> Data for this task:

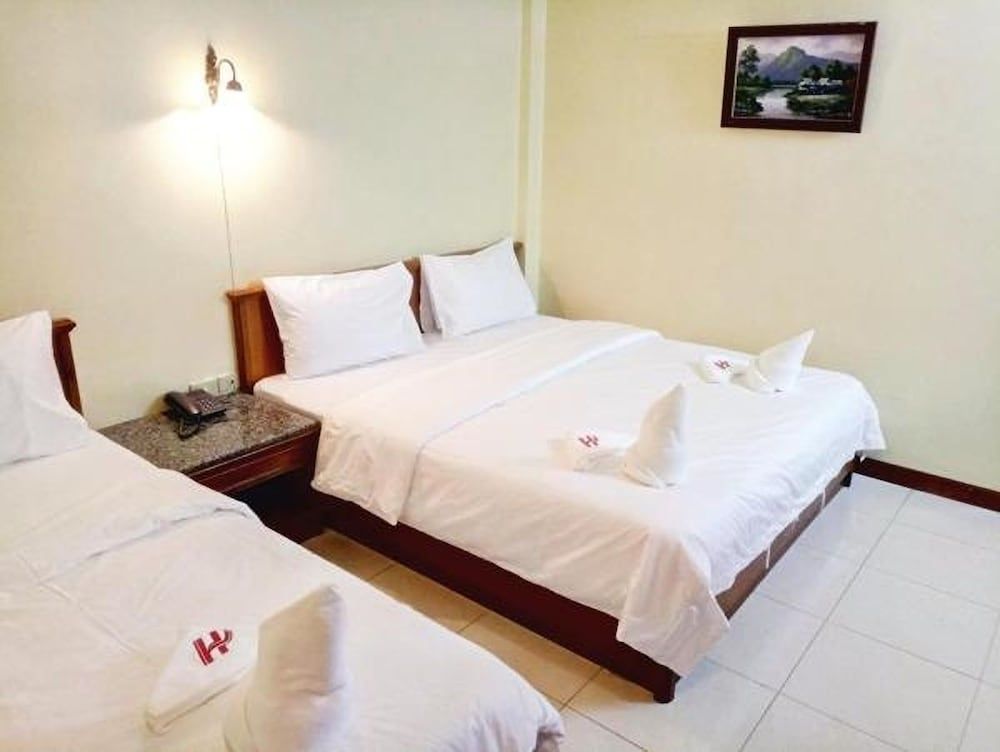 Hua Lin Inn Standard Triple Room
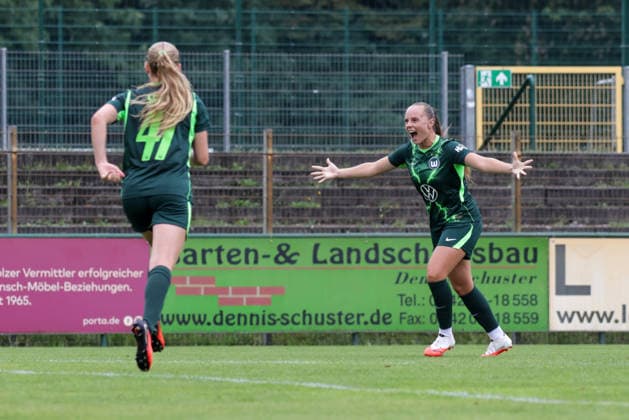 01.08.2026, xgrfx, Fussball Testspiel Frauen , RB Leipzig - VfL Wolfsburg v.l. Tor, Lou Bogaert zum 0:3 (VfL Wolfsburg) (DFL DFB REGULATIONS PROHIBIT ANY USE OF PHOTOGRAPHS as IMAGE SEQUENCES and or QUASI-VIDEO) Leipzig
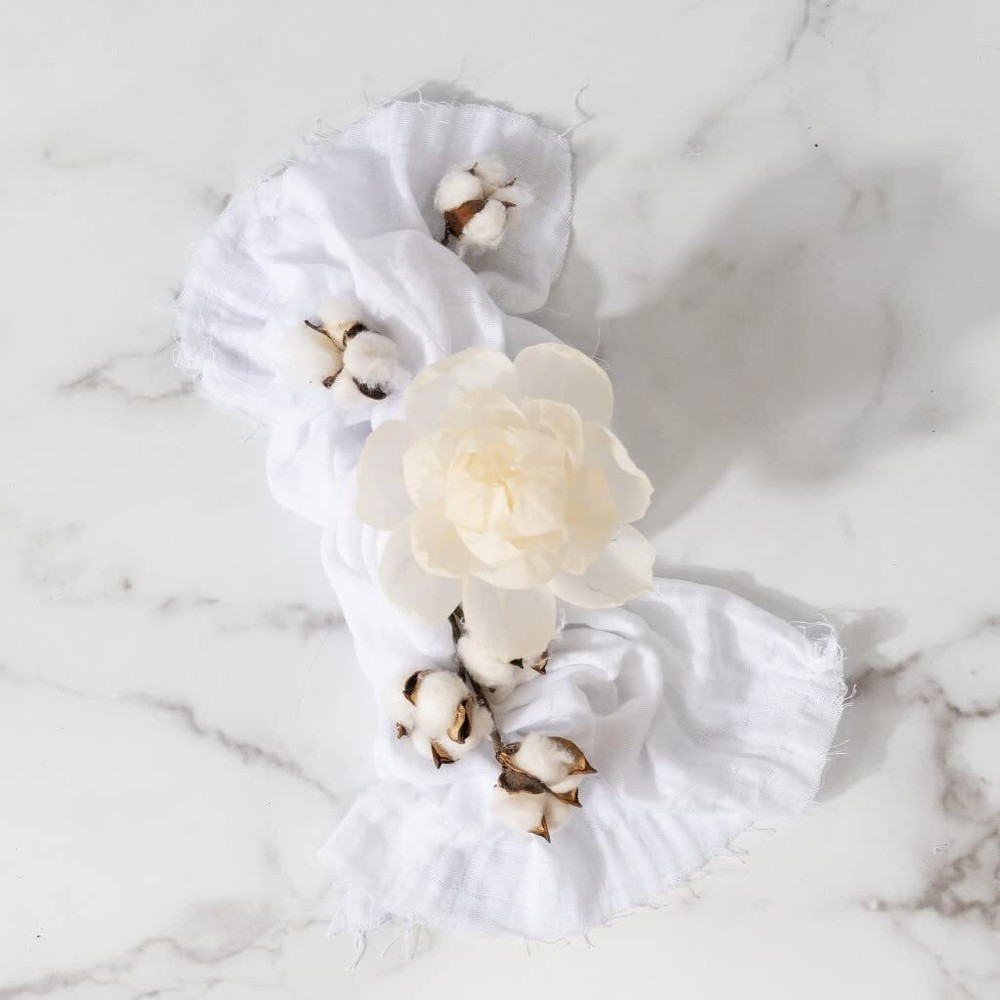 GREENLEAF Flower Diffuser - Diffuses 30 Days - Made in The USA - Classic Linen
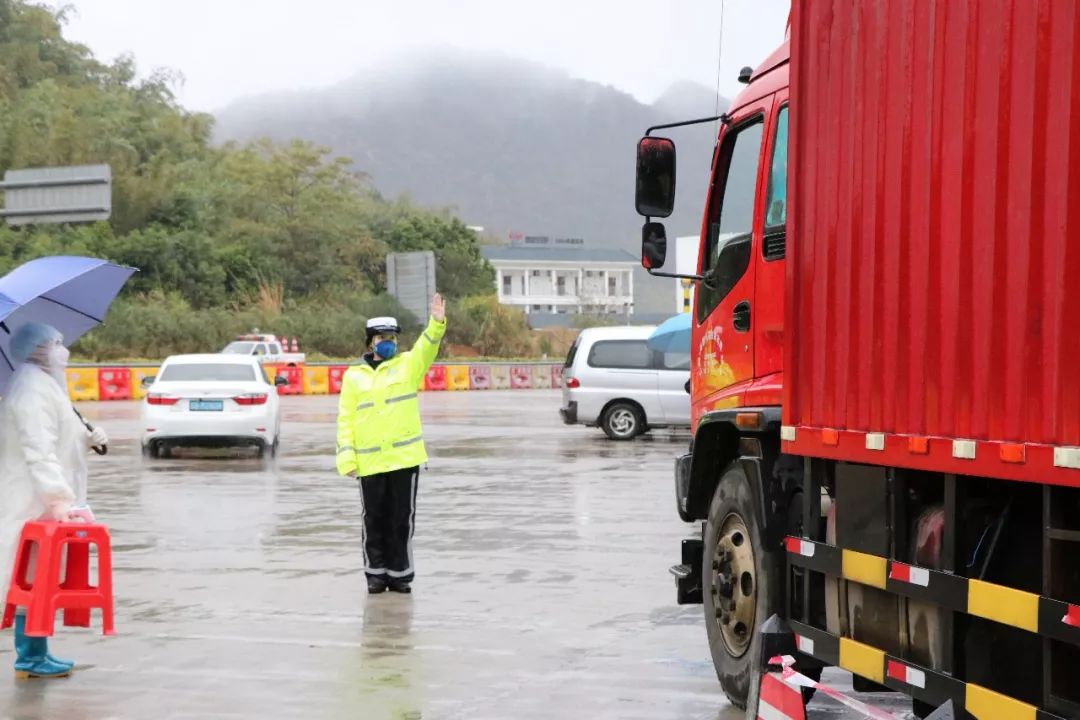 一往无前青春无悔,勇往直前无悔青春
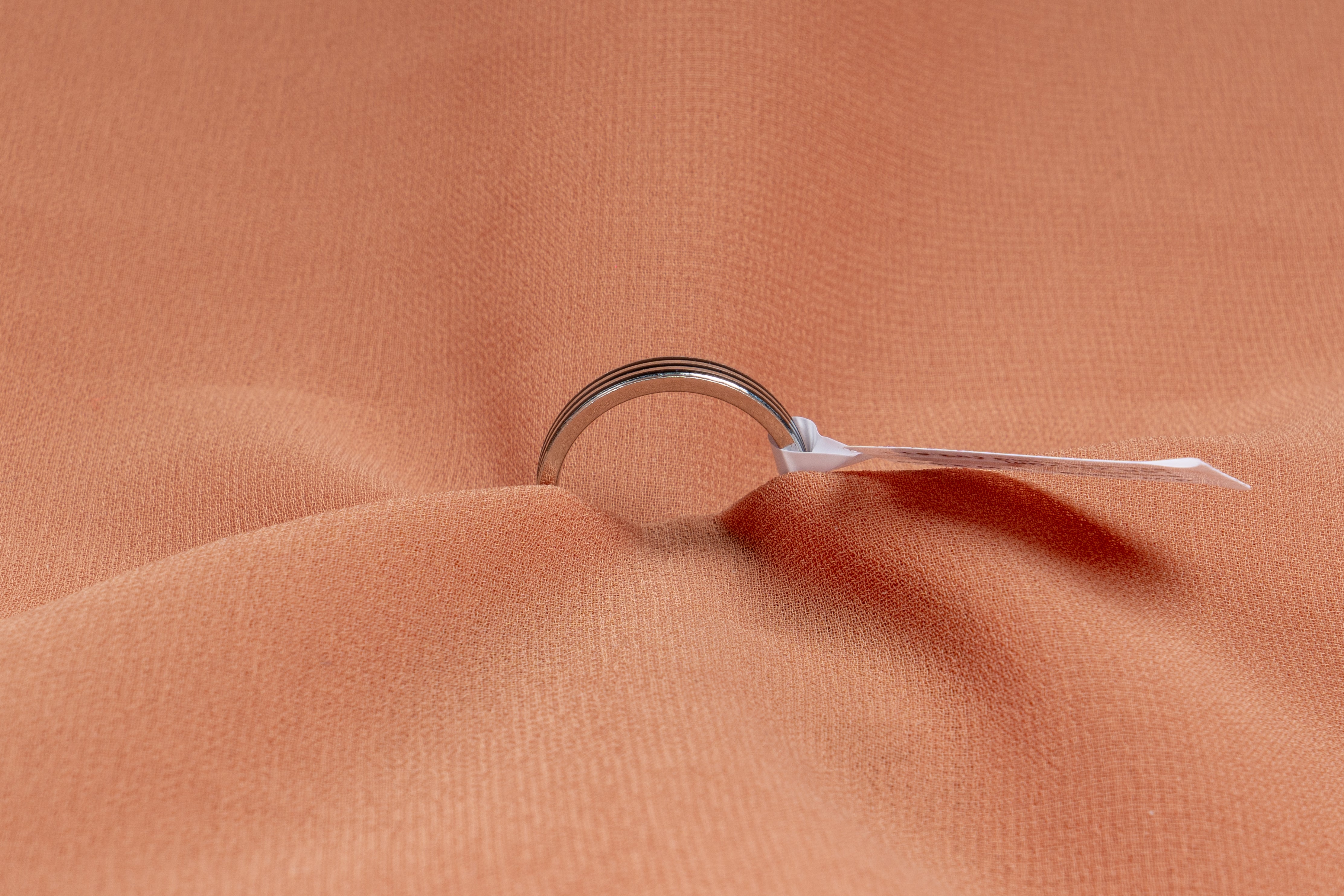 Monvero Grooved Band Ring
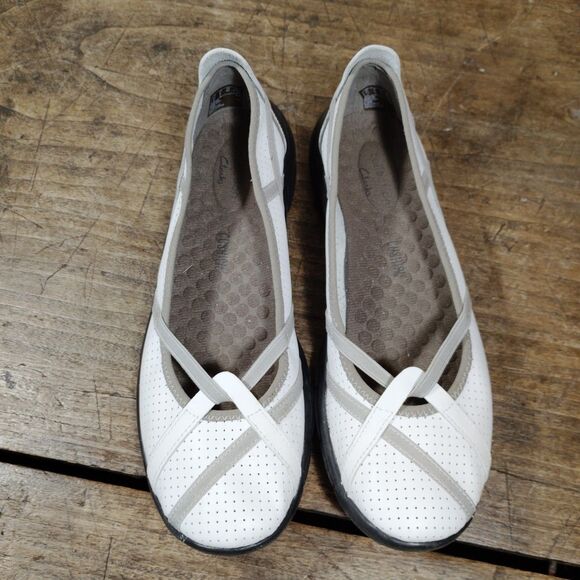 Clarks Privo Shoes 9 M Slip On Ballet Flats White Casual Sneaker Loafer - Picture 2 of 9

> Task to carry out: Reproduce exactly, and only, the lines from the one holding "Monvero Grooved Band Ring" through the final line of the entries. Do not include the pictures.

> Task result:
 Monvero Grooved Band Ring
 Clarks Privo Shoes 9 M Slip On Ballet Flats White Casual Sneaker Loafer - Picture 2 of 9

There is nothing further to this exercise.